Una precisazione interessante è contenuta nella bozza di circolare delle Finanze, quando si afferma che il divieto di manovrare l’aliquota per gli immobili a disposizione opera solo in caso di totale esenzione dell’abitazione principale. Nulla vieta ai Comuni di elevare la detrazione per tutti, senza però arrivare all’esonero, recuperando parte delle risorse mancanti attraverso l’adozione dell’aliquota massima del 10,6 per mille nei riguardi dei fabbricati sfitti.
A maggior ragione appare plausibile l’alternativa, pure presa in considerazione dalle Finanze, consistente nella elevazione della detrazione solo per determinate categorie di soggetti, in condizioni non agiate. L’ente potrebbe quindi decidere di attribuire uno sconto d’imposta maggiore solo ai contribuenti che rispettino specifici requisiti reddituali e/o patrimoniali, precisati in delibera.

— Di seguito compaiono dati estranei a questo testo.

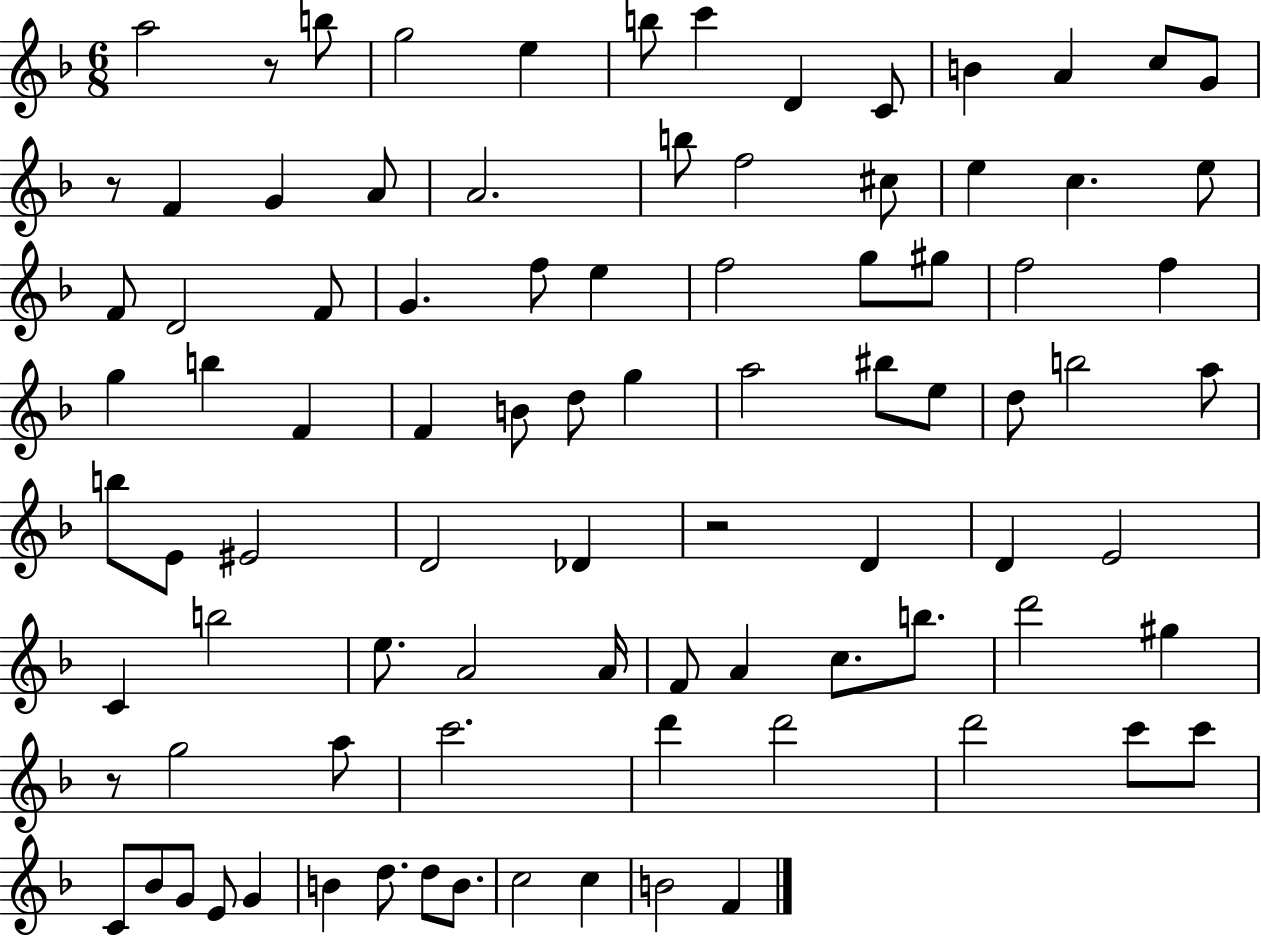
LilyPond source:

L’interpretazione delle Finanze sugli ambiti deliberativi degli enti locali in materia di Imu appare per certi versi contraddittoria perchè da un lato si assume una libertà molto ampia, dall’altro si individuano limiti che potrebbero risultare troppo rigorosi.

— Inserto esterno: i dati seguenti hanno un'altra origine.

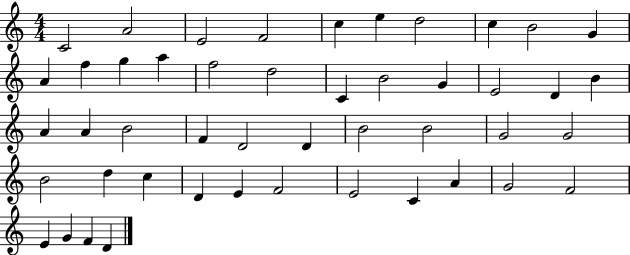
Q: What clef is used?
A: treble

La bozza di circolare afferma infatti che i Comuni possono differenziare le aliquote d’imposta, anche per categorie catastali e all’interno della medesima fattispecie (ad esempio nell’ambito dell’abitazione principale). A tale riguardo, va tuttavia ricordato il rischio di legittimità insito nel differenziare ulteriormente ciò che è già rappresentato nelle rendite catastali attribuite dagli uffici del Territorio. Non va poi sottovalutato l’impatto pratico che un’eccessiva diversificazione potrebbe avere sugli adempimenti dei contribuenti. Questi ultimi, infatti, quando saranno alle prese con il calcolo della quota di imposta erariale, sempre pari al 3,8 per mille dell’imponibile, in sede di saldo dovranno effettuare doppi conteggi per ciascuna aliquota differenziata. Nel contempo, però, le Finanze ritengono che l’aliquota minima non possa mai essere inferiore al 4,6 per mille, salvi i casi espressamente previsti dalla legge. Anche le agevolazioni potranno prendere forma solo in termini di aliquote ridotte e sempre con il limite del 4,6 per mille. In tale ottica, quindi, sembra preclusa la possibilità di riconoscere ad esempio detrazioni d’imposta per fattispecie diverse dall’abitazione principale.